_TO DO_: Give the data below again exactly as it stands. Omit the pictures.
Start of Block
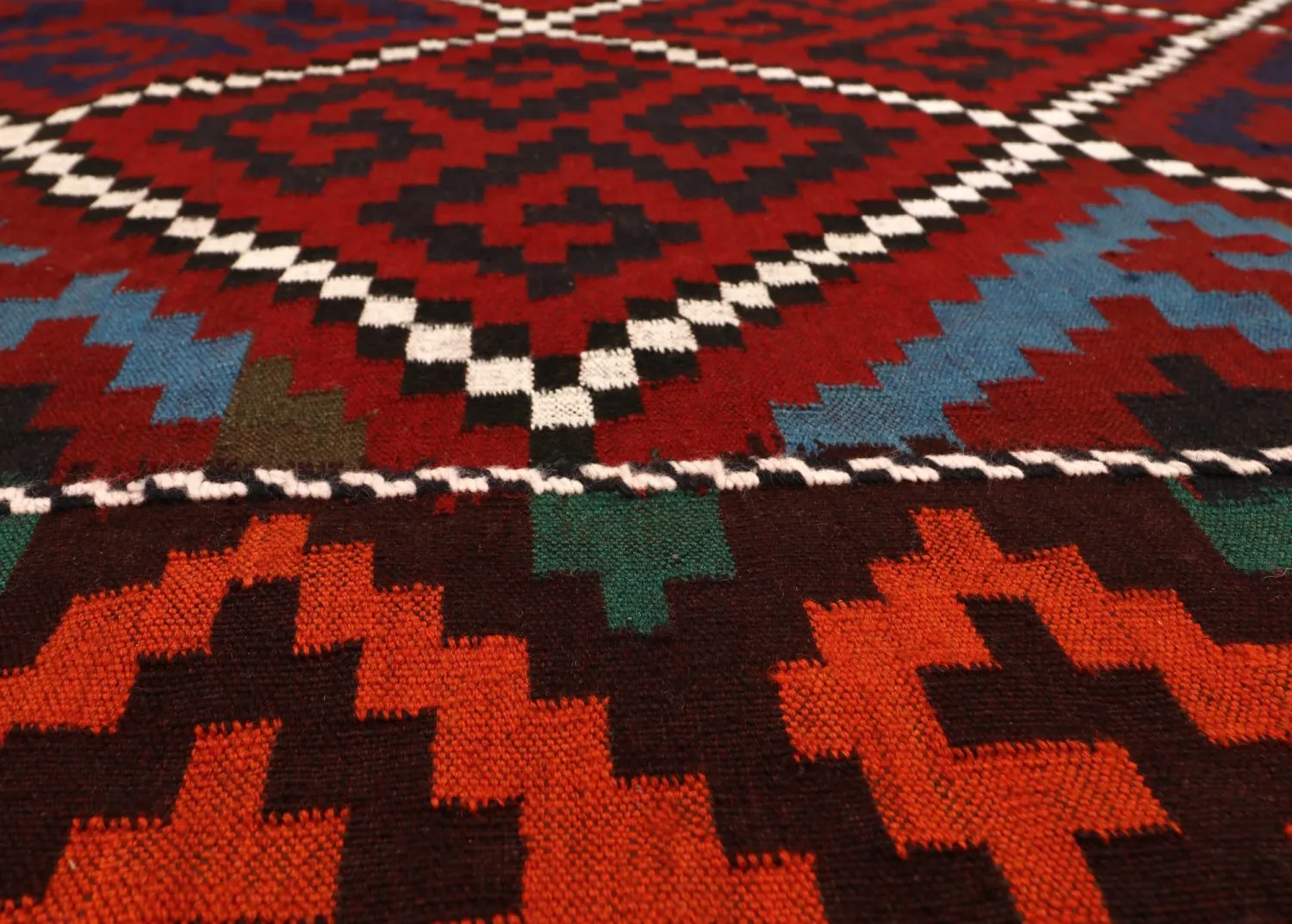 Itämainen kelim-matto 377 x 179 cm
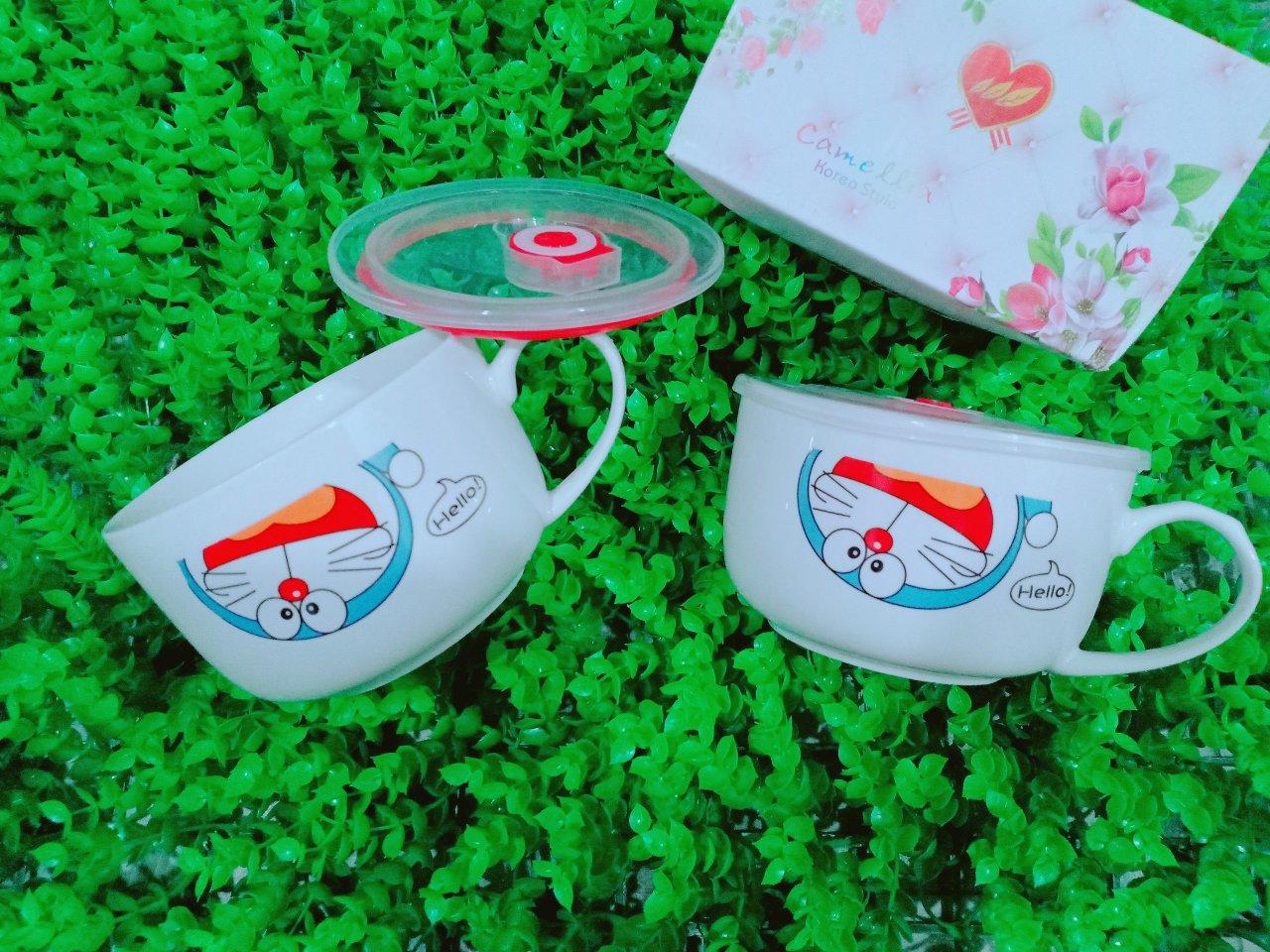 Bát ăn mỳ hình DOREMON có nắp hút chân không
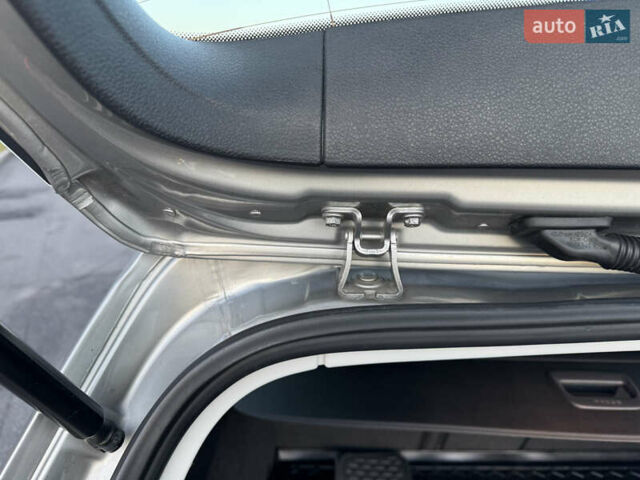 Сірий Фольксваген Гольф, об'ємом двигуна 1.6 л та пробігом 335 тис. км за 11999 $, фото 38 на Automoto.ua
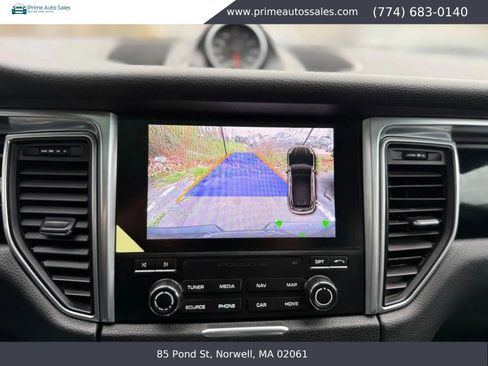 Used 2018 Porsche Macan S AWD/4WD image 23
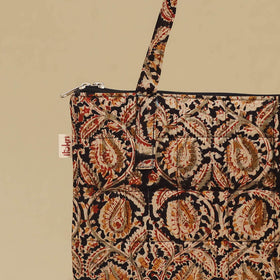 Handcrafted Quilted Handbag 17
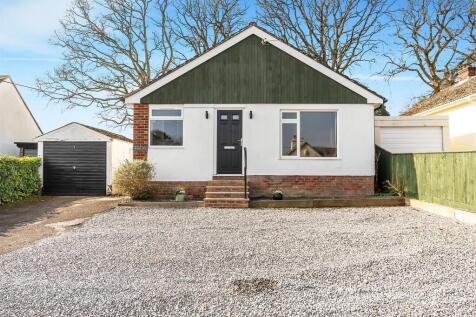 Wellmead, Kilmington, Axminster 2 bed bungalow for sale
End of Block
_WRITTEN ANSWER_:
 Itämainen kelim-matto 377 x 179 cm
 Bát ăn mỳ hình DOREMON có nắp hút chân không
 Сірий Фольксваген Гольф, об'ємом двигуна 1.6 л та пробігом 335 тис. км за 11999 $, фото 38 на Automoto.ua
 Used 2018 Porsche Macan S AWD/4WD image 23
 Handcrafted Quilted Handbag 17
 Wellmead, Kilmington, Axminster 2 bed bungalow for sale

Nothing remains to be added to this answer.